*WHAT THIS TASK INVOLVES*. From the first line of the data below, repeat each line exactly until you reach the line with "Hyundai I10 1.0"; include that line too.

*RECORDED DATA*.
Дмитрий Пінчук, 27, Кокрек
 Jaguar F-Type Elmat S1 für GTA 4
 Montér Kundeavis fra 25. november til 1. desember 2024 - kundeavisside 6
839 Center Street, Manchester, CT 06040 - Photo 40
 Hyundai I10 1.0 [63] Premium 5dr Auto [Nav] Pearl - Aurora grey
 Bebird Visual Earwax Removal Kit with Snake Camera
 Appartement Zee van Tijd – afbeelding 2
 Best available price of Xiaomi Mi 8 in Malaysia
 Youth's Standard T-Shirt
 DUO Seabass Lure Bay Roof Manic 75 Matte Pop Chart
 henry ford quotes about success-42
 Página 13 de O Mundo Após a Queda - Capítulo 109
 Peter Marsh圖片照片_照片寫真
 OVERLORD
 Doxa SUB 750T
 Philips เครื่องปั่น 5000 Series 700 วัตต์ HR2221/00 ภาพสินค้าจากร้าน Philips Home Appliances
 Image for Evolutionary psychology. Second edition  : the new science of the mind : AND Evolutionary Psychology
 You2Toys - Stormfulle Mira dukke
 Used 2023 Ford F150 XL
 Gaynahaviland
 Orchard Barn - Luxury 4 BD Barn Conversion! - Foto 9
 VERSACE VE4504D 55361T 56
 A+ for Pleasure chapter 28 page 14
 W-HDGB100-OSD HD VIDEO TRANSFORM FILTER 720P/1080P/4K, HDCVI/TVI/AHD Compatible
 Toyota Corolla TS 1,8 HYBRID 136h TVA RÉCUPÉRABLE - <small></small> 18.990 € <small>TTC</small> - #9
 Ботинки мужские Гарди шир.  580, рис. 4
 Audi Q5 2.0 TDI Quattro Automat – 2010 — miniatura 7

*COMPLETED EXERCISE*.
Дмитрий Пінчук, 27, Кокрек
 Jaguar F-Type Elmat S1 für GTA 4
 Montér Kundeavis fra 25. november til 1. desember 2024 - kundeavisside 6
839 Center Street, Manchester, CT 06040 - Photo 40
 Hyundai I10 1.0 [63] Premium 5dr Auto [Nav] Pearl - Aurora grey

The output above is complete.